What are the warning signs of a flexible-work scam?
Few details: Real job postings include lots of detail about the actual job, the skills required and the title. If a job is short on requirements -- from hours and duties to the kind of skill required -- but talks repeatedly about the flexible nature of the work, consider it a red flag.
High pay/low effort: Listen to your gut, says Durst. Is somebody really going to be offering you easy work and a flexible schedule for high pay? Promising that their "guaranteed system" will make you a mint, if you act now? Get real. Unless your skill set is in such high demand that you'd get as much or more from a brick-and-mortar position, a work-at-home opportunity isn't either.
Burned applicants: Before applying for an online opportunity, type in the name of the company and "scam," suggests Fell. If it's one of the many bogus jobs, you'll quickly find web-based complaints. Durst also likes work-at-home forums, such as those at wahm.com and workplacelikehome.com. She suggests that anyone serious about finding good opportunities, register at these sites and just lurk in the forums to find out what other people are complaining about. "Hell hath no fury like a woman scammed," she says. "If somebody's been burned, they're going to tell you about it in no uncertain terms."
Upfront cash: Real jobs pay you. You don't pay the employer. Unless you're buying a franchise (and that's another story altogether), you should not have to pay to get paid. Don't be fooled by slick claims, testimonials or "guaranteed programs" designed to make you rich. If they're asking for money in advance to get a job, they're likely to be crooks. (This is distinct from job search sites, including FlexJobs, that charge for membership as a way of providing an advertising-free site.)

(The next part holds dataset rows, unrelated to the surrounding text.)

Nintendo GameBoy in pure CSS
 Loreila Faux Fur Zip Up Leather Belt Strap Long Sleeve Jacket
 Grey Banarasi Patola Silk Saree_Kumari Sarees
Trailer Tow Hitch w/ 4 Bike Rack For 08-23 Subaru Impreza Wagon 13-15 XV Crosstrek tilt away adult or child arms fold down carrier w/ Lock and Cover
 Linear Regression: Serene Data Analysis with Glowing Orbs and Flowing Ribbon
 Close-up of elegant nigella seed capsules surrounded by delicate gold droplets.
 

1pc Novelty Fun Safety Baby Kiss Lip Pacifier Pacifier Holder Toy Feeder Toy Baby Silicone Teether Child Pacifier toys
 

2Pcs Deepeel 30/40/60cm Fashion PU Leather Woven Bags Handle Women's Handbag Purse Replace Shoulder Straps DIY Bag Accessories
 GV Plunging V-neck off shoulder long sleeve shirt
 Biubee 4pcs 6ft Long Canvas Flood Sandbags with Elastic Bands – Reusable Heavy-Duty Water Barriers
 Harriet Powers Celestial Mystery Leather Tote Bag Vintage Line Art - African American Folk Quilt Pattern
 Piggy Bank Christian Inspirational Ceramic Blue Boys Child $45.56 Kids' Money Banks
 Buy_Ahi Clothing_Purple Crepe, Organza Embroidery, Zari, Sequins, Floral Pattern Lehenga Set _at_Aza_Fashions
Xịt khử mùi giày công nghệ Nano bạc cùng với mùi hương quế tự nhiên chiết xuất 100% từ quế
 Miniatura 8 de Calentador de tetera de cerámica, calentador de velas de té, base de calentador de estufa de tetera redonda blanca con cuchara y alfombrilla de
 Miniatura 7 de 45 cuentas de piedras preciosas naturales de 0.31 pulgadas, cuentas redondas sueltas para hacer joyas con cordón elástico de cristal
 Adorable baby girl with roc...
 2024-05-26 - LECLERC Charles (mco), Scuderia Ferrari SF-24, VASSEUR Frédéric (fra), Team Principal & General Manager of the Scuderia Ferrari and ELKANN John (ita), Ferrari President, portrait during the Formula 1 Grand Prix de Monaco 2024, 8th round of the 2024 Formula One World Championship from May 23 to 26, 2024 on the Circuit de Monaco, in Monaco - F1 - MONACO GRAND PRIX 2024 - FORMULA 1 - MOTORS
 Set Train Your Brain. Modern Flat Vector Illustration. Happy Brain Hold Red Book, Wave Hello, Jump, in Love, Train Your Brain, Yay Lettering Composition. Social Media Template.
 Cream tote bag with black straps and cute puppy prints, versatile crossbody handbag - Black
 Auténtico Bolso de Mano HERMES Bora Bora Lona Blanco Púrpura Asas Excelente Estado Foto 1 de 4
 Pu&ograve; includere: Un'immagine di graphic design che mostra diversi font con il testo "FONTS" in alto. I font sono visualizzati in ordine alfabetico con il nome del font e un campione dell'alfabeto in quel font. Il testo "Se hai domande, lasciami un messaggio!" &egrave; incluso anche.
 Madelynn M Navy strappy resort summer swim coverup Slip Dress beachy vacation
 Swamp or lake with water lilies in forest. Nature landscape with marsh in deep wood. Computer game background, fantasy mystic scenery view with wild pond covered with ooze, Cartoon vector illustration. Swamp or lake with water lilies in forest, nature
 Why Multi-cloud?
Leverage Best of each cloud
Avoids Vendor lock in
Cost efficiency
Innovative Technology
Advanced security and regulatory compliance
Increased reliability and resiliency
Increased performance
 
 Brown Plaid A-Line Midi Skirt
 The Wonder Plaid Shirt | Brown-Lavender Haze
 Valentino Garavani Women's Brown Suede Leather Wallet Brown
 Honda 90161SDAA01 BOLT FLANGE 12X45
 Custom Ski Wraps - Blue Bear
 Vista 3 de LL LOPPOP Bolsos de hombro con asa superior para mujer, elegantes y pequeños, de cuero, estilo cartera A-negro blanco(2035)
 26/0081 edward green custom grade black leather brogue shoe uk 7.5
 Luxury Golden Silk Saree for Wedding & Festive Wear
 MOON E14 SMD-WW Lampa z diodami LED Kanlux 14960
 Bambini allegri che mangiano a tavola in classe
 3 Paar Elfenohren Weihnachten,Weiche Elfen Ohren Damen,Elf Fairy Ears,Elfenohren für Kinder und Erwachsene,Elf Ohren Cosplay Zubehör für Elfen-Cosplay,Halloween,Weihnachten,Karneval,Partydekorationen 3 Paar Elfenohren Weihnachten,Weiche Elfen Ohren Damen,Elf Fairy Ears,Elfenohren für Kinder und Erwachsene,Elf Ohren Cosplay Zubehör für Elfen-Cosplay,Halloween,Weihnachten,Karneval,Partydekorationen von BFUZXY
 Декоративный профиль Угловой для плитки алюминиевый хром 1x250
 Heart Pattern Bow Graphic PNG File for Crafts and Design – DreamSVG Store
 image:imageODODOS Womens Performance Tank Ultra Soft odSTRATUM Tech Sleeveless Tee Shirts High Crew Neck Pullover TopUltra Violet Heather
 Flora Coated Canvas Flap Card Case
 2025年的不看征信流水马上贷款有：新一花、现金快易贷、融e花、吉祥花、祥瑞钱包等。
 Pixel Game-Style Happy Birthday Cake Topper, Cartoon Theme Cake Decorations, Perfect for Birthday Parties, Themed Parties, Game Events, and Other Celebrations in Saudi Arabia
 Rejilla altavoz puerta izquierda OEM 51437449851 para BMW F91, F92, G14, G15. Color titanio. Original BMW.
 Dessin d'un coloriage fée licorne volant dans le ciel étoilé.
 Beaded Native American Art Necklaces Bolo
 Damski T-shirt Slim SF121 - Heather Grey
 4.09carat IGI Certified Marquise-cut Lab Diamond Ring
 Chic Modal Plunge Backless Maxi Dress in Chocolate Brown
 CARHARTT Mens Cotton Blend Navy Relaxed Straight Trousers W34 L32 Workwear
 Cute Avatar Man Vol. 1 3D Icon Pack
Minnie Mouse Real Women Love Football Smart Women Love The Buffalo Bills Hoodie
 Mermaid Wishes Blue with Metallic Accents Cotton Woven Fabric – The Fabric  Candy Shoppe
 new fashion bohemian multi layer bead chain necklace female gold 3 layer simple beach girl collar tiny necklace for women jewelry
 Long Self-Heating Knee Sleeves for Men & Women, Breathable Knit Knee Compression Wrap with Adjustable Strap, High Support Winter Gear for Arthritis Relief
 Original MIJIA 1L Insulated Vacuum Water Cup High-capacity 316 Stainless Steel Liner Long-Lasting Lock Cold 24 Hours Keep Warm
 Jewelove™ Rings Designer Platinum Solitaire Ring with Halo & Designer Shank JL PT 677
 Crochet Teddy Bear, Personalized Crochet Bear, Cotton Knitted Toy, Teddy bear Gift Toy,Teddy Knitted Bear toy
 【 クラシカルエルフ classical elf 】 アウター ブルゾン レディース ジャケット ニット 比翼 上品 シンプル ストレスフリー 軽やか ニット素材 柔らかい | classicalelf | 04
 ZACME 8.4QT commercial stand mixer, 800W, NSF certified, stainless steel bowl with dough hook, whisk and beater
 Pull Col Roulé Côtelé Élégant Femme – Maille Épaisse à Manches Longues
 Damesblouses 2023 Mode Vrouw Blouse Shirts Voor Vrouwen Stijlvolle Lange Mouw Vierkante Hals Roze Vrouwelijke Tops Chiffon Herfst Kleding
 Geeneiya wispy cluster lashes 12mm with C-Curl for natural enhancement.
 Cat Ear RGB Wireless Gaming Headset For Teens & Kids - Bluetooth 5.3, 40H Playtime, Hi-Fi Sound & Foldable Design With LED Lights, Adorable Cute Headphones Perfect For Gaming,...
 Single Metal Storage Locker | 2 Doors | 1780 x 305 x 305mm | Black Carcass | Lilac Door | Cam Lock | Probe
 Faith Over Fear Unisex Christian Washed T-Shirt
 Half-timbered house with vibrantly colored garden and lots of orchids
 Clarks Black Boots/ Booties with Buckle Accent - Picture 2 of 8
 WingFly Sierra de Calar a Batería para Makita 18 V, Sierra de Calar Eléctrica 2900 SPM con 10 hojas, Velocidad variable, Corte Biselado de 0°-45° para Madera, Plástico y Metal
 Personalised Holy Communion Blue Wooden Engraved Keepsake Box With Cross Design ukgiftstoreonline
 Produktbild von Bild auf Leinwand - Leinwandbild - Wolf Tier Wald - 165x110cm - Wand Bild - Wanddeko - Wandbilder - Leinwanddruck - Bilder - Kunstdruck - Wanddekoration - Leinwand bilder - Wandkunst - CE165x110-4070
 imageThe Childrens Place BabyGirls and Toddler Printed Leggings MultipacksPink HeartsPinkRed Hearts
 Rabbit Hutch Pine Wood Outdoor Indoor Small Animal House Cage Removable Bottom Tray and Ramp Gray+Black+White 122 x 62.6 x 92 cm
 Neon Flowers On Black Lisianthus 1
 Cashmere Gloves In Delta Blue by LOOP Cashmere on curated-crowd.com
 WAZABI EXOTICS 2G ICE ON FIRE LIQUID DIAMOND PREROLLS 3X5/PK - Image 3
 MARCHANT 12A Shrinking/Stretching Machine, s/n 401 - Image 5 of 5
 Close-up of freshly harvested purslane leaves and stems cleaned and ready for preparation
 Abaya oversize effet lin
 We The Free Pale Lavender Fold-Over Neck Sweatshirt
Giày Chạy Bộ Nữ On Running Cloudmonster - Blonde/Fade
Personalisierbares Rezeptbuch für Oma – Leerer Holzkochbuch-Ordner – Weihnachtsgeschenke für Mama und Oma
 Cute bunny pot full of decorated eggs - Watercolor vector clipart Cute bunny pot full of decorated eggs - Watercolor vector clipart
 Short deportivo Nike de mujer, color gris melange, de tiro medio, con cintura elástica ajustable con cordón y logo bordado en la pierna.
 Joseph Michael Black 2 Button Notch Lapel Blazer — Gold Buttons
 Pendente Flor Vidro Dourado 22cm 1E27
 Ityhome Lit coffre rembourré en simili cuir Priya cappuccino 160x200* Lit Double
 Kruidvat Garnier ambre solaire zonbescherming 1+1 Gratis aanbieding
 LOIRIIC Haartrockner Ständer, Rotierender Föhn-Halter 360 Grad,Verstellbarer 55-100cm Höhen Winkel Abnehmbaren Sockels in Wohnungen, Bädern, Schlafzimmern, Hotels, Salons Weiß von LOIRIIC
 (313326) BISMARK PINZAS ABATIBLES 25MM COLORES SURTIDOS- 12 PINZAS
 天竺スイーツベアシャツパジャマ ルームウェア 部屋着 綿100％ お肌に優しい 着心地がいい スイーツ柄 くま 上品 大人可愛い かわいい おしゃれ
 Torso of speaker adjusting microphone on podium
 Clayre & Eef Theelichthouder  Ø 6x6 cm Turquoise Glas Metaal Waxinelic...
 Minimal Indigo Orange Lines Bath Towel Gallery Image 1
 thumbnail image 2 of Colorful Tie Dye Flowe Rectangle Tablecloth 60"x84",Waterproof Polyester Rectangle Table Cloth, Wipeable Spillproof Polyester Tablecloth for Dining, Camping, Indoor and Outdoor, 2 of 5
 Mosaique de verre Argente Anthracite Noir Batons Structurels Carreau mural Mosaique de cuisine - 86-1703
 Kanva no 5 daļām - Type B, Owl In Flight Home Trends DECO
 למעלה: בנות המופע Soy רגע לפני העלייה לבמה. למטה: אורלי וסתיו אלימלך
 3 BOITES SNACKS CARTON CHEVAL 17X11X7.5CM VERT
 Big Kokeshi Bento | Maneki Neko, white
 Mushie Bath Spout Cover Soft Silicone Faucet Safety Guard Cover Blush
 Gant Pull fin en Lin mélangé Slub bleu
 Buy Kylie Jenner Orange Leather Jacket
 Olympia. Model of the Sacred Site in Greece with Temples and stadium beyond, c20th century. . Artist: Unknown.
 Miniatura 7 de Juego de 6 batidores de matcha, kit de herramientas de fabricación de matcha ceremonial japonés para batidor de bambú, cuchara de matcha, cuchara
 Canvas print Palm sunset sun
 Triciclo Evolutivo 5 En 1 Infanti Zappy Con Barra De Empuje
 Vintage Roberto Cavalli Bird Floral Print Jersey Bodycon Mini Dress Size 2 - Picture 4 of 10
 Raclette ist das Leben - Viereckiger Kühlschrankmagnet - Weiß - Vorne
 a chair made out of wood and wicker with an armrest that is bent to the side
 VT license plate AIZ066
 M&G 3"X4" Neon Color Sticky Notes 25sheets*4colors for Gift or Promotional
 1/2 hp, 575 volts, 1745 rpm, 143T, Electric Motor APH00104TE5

Too much information: Though most work-at-home scams seek cash payments from victims, a few appear to be going after the personal information that could make you a target of identity theft. You don't need to put your Social Security number or driver's license number on a job application. If the application asks for those identifying numbers or for a credit card number, back away.
Anonymous emails: If you're dealing with a human resources manager at a particular company, their email address should be coming from the company's domain name, not an anonymous domain like Gmail, Yahoo or AT&T.
Unprofessional communication: Job postings and email communications with multiple exclamation marks, misspellings and grammatical errors are also likely to be scams.
Over payments: One of the pervasive mystery shopper scams provides big up-front checks to mystery shoppers, who are instructed to deposit the money in their own bank accounts; use what they need to buy an inexpensive product and pay themselves a fee. The mystery shopper is then told to wire the remaining funds back to the "employer." In reality, the check the scammer gave you is a forgery. But it may be a good enough fake to keep your bank guessing past the point when banking rules require that they "provisionally" provide the funds. What does that mean? It will look like the check cleared. But the bank will debit your account later if the check is a fake -- and that could happen weeks after you've spent the money. You're on the hook for the cost of the purchased products, whatever amount you refunded to the crook, as well as any overdraft fees that the fake check caused.